In [None]:
import os
import gzip
from six.moves import urllib
import numpy as np
import tensorflow as tf

In [7]:
SOURCE_URL = 'https://storage.googleapis.com/cvdf-datasets/mnist/'
WORKING_DIRECTORY = 'data'
IMAGE_SIZE = 28
NUM_CHANNELS = 1
PIXEL_DEPTH = 255

In [9]:
def maybe_download(filename):
    if not tf.gfile.Exists(WORKING_DIRECTORY):
        tf.gfile.MakeDirs(WORKING_DIRECTORY)
    filepath = os.path.join(WORKING_DIRECTORY, filename)
    if tf.gfile.Exists(filepath):
        with tf.gfile.GFile(filepath) as f:
            print('%s has been downloaded already(%i Bytes), skip download.' % (filename, f.size()))
    else:
        filepath, _ = urllib.request.urlretrieve(SOURCE_URL + filename, filepath)
        with tf.gfile.GFile(filepath) as f:
            size = f.size()
        print('Successfully downloaded %s(%i Bytes)' % (filepath, size))
    return filepath

def extract_data(filename, num_images):
    print('Extracting %s' % filename)
    
    with gzip.open(filename) as bytestream:
        bytestream.read(16)
        buf = bytestream.read(IMAGE_SIZE * IMAGE_SIZE * NUM_CHANNELS * num_images)
        data = np.frombuffer(buf, dtype=np.uint8).astype(np.float32)
        data = (data - PIXEL_DEPTH / 2) / PIXEL_DEPTH
        data = data.reshape(num_images, IMAGE_SIZE, IMAGE_SIZE, NUM_CHANNELS)
    return data

def extract_label(filename, num_labels):
    print('Extracting %s' % filename)
    with gzip.open(filename) as bs:
        bs.read(8)
        buf = bs.read(1 * num_labels)
        data = np.frombuffer(buf, dtype=np.uint8).astype(np.int64)
    return data
        
def main(_):
    train_data_filename = maybe_download('train-images-idx3-ubyte.gz')
    train_labels_filename = maybe_download('train-labels-idx1-ubyte.gz')
    test_data_filename = maybe_download('t10k-images-idx3-ubyte.gz')
    test_labels_filename = maybe_download('t10k-labels-idx1-ubyte.gz')

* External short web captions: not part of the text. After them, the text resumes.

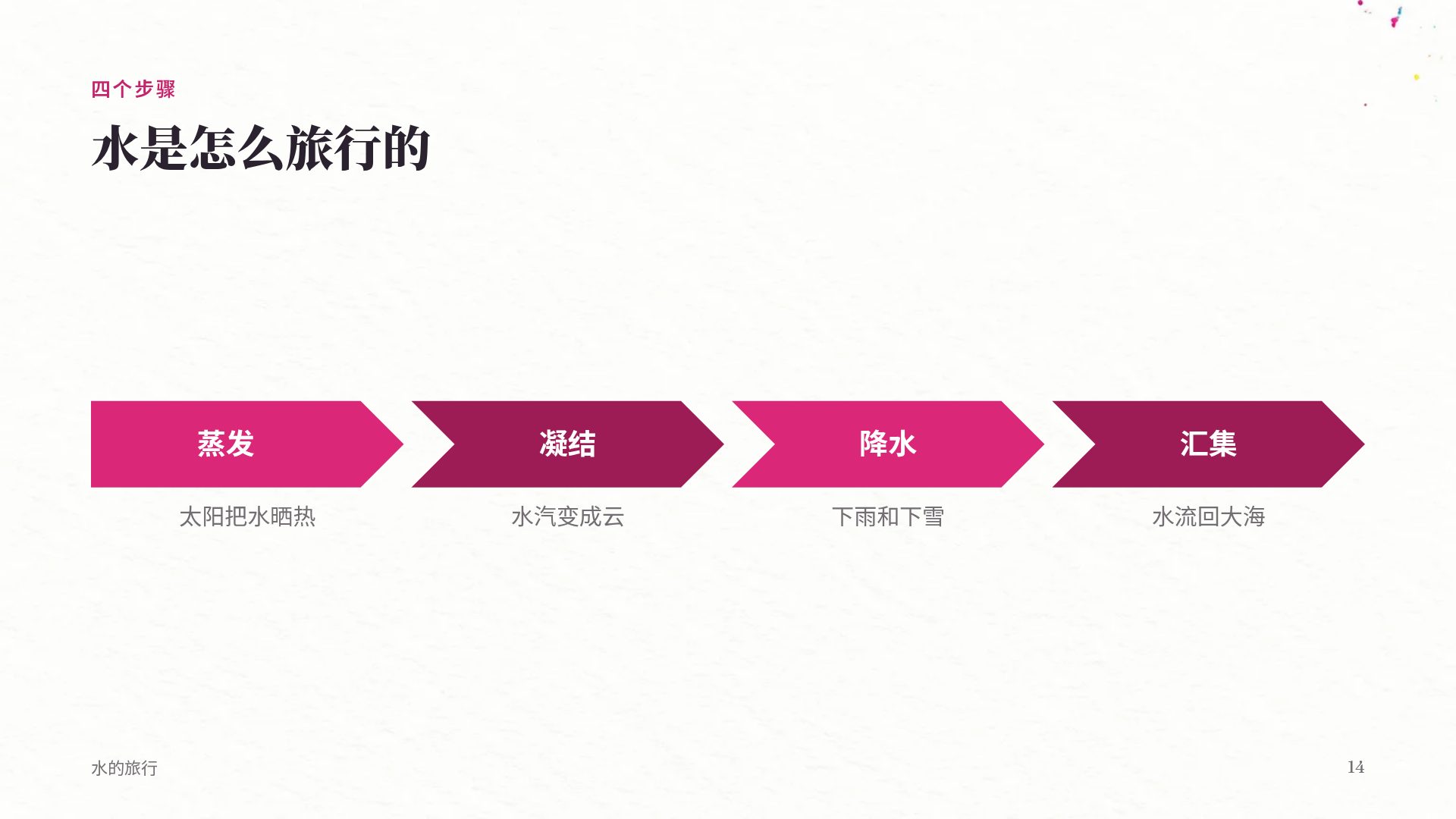 美术课 第 12 页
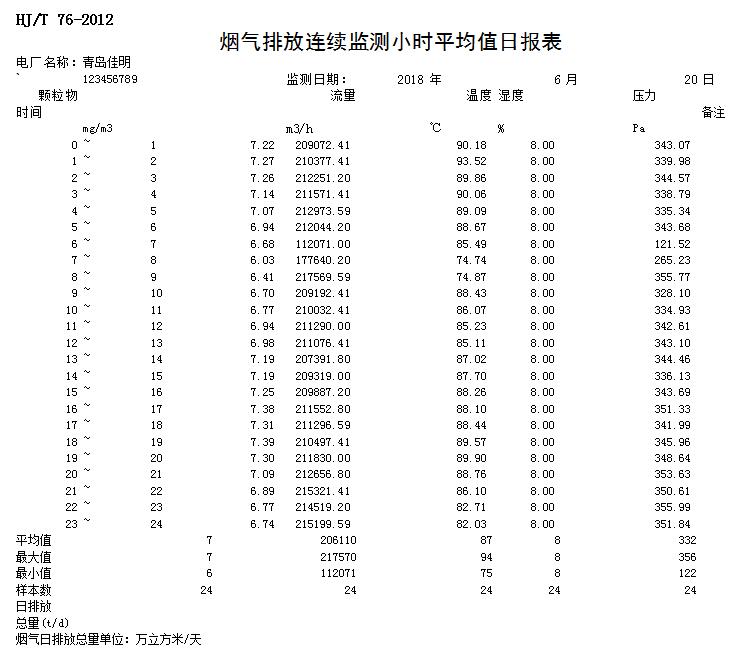 AG�콢�� (�й���½) Apple Store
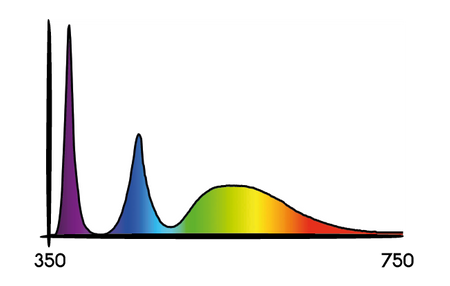 Lampa LED Cosmorrow , Secret Jardin 20W Ultrafiolet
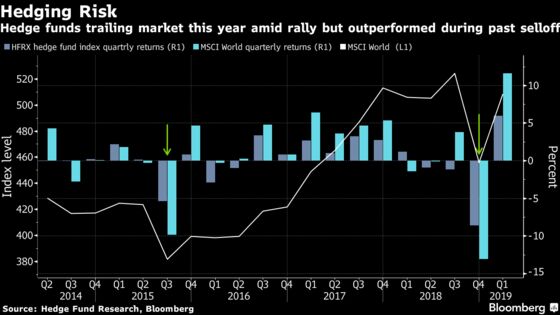 Hedge Funds Keep Sitting Out $10 Trillion Global Stock Rally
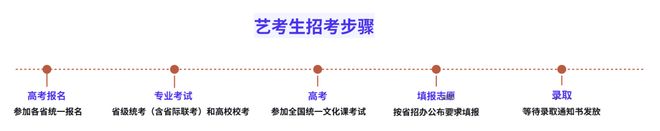 高考艺术生必看：艺考相关事项详细问答，收藏不亏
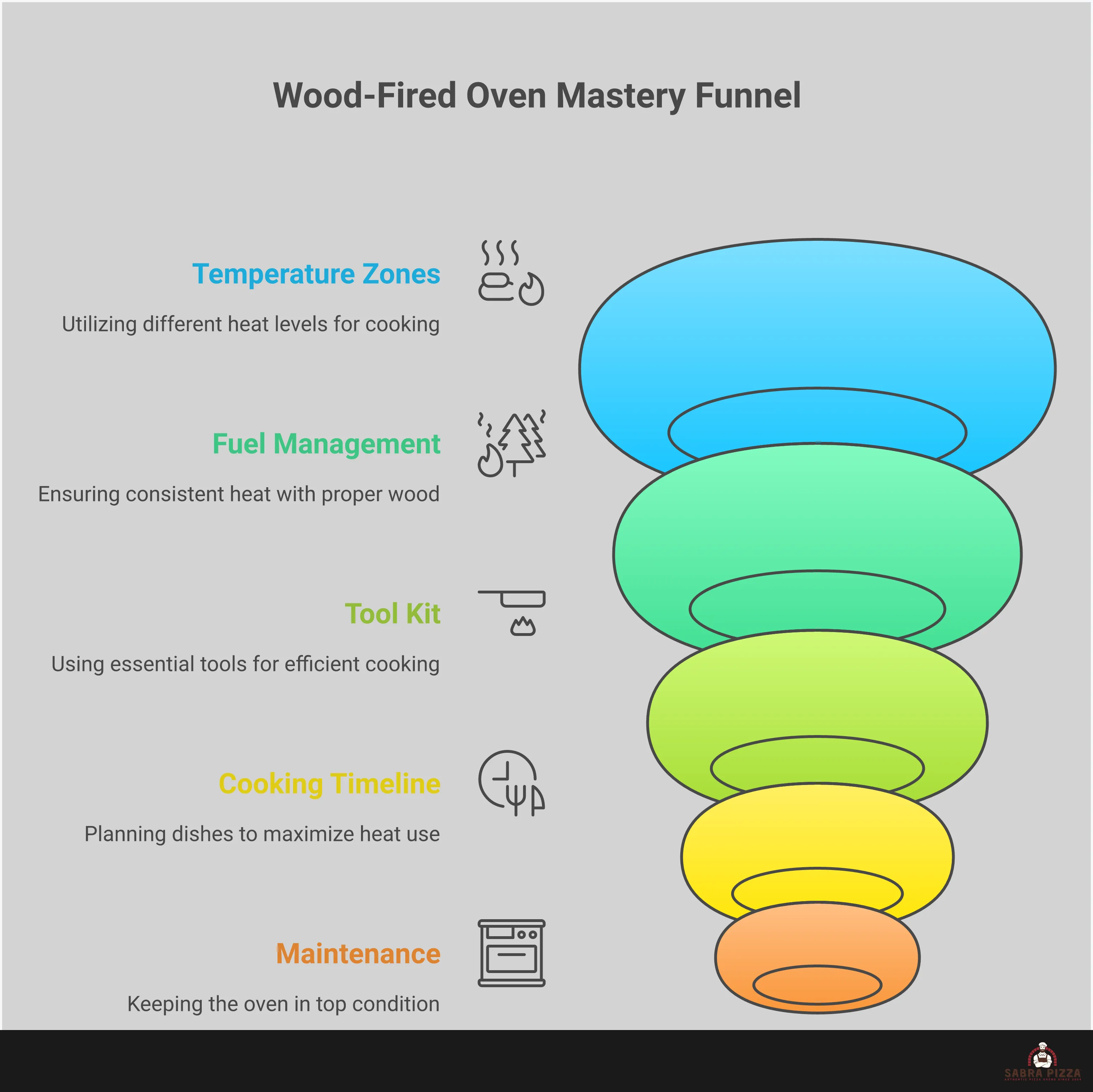 Comprehensive infographic showing wood-fired oven mastery techniques including temperature zone cooking strategy with three distinct heat levels, proper fuel selection and fire management with hardwood specifications, essential tool kit featuring pizza peels and cleaning brushes, multi-course cooking timeline from high-heat pizzas to low-heat desserts, and maintenance practices for long-term oven care and performance optimization.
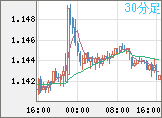 ユーロ/米ドルチャート（EUR/USD）30分足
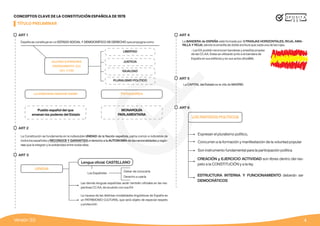 4
Versión 3.0
La BANDERA de ESPAÑA está formada por 3 FRANJAS HORIZONTALES, ROJA, AMA-
RILLA Y ROJA, siendo la amarilla de doble anchura que cada una de las rojas.
- Los EA podrán reconocer banderas y enseñas propias
de las CC.AA. Estas se utilizarán junto a la bandera de
España en sus edificios y en sus actos oficiales.
España se constituye en un ESTADO SOCIAL Y DEMOCRÁTICO DE DERECHO que propugna como
La Constitución se fundamenta en la indisoluble UNIDAD de la Nación española, patria común e indivisible de
todos los españoles y RECONOCE Y GARANTIZA el derecho a la AUTONOMÍA de las nacionalidades y regio-
nes que la integran y la solidaridad entre todas ellas.
La CAPITAL del Estado es la villa de MADRID.
VALORES SUPERIORES
ORDENAMIENTO JCO
(Art. 1.1 CE)
LIBERTAD
Lengua oficial: CASTELLANO
JUSTICIA
IGUALDAD
PLURALISMO POLÍTICO
La soberaní­
a nacional reside
Pueblo español del que
emanan los poderes del Estado
MONARQUÍA
PARLAMENTARIA
Forma política
Los Españoles
Las demás lenguas españolas serán también oficiales en las res-
pectivas CC.AA, de acuerdo con sus EA
La riqueza de las distintas modalidades lingüísticas de España es
un PATRIMONIO CULTURAL que será objeto de especial respeto
y protección
Deber de conocerla
Derecho a usarla
LENGUA
CONCEPTOS CLAVE DE LA CONSTITUCIÓN ESPAÑOLA DE 1978
TÍTULO PRELIMINAR
Expresan el pluralismo político,
Concurren a la formación y manifestación de la voluntad popular
Son instrumento fundamental para la participación política
CREACIÓN y EJERCICIO ACTIVIDAD son libres dentro del res-
peto a la CONSTITUCIÓN y a la ley.
ESTRUCTURA INTERNA Y FUNCIONAMIENTO deberán ser
DEMOCRÁTICOS
LOS PARTIDOS POLÍTICOS
ART 2
ART 1
ART 3
ART 4
ART 5
ART 6
 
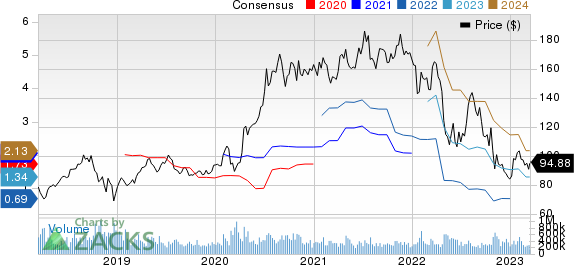 Amazon.com, Inc. Price and Consensus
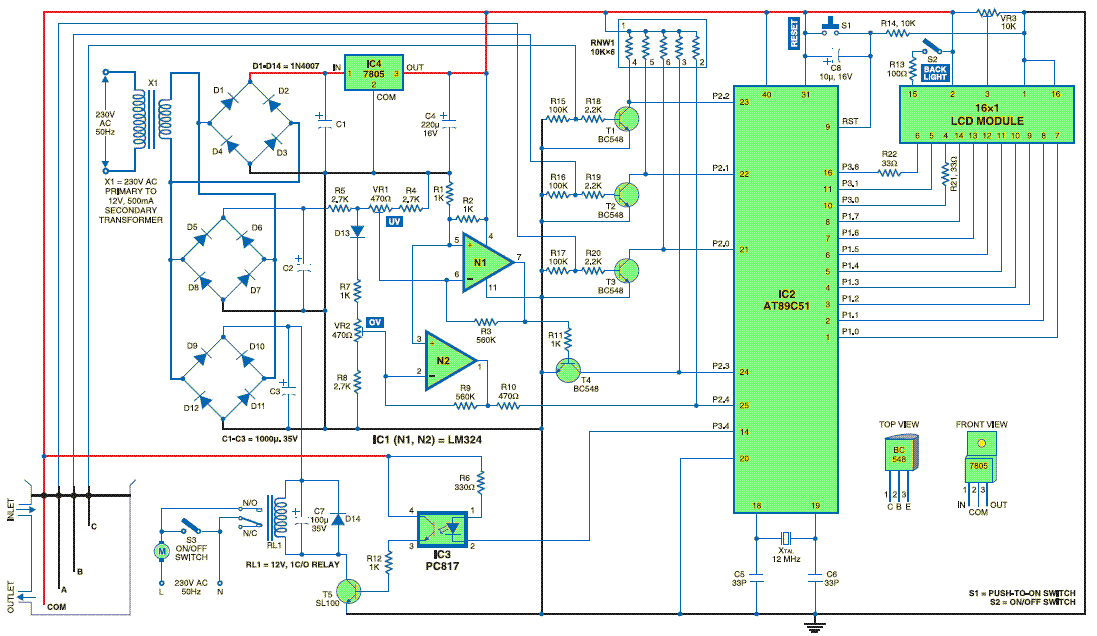 Water Level controller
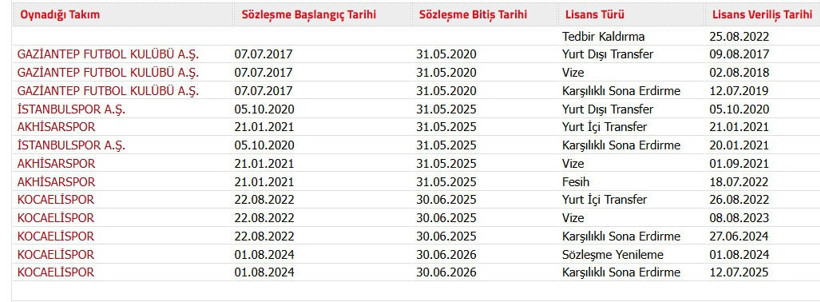 Oğulcan, Gökhan ve Yusuf Cihat’ın sözleşmeleri güncellenecek - Resim : 2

    train_data = extract_data(train_data_filename, 60000)
    train_labels = extract_label(train_labels_filename, 60000)
    test_data = extract_data(test_data_filename, 10000)
    test_labels = extract_label(test_labels_filename, 10000)
    
if __name__ == '__main__':
#     tf.app.run()
    main(None)


train-images-idx3-ubyte.gz has been downloaded already(9912422 Bytes), skip download.
train-labels-idx1-ubyte.gz has been downloaded already(28881 Bytes), skip download.
t10k-images-idx3-ubyte.gz has been downloaded already(1648877 Bytes), skip download.
t10k-labels-idx1-ubyte.gz has been downloaded already(4542 Bytes), skip download.
Extracting data/train-images-idx3-ubyte.gz
Extracting data/train-labels-idx1-ubyte.gz
Extracting data/t10k-images-idx3-ubyte.gz
Extracting data/t10k-labels-idx1-ubyte.gz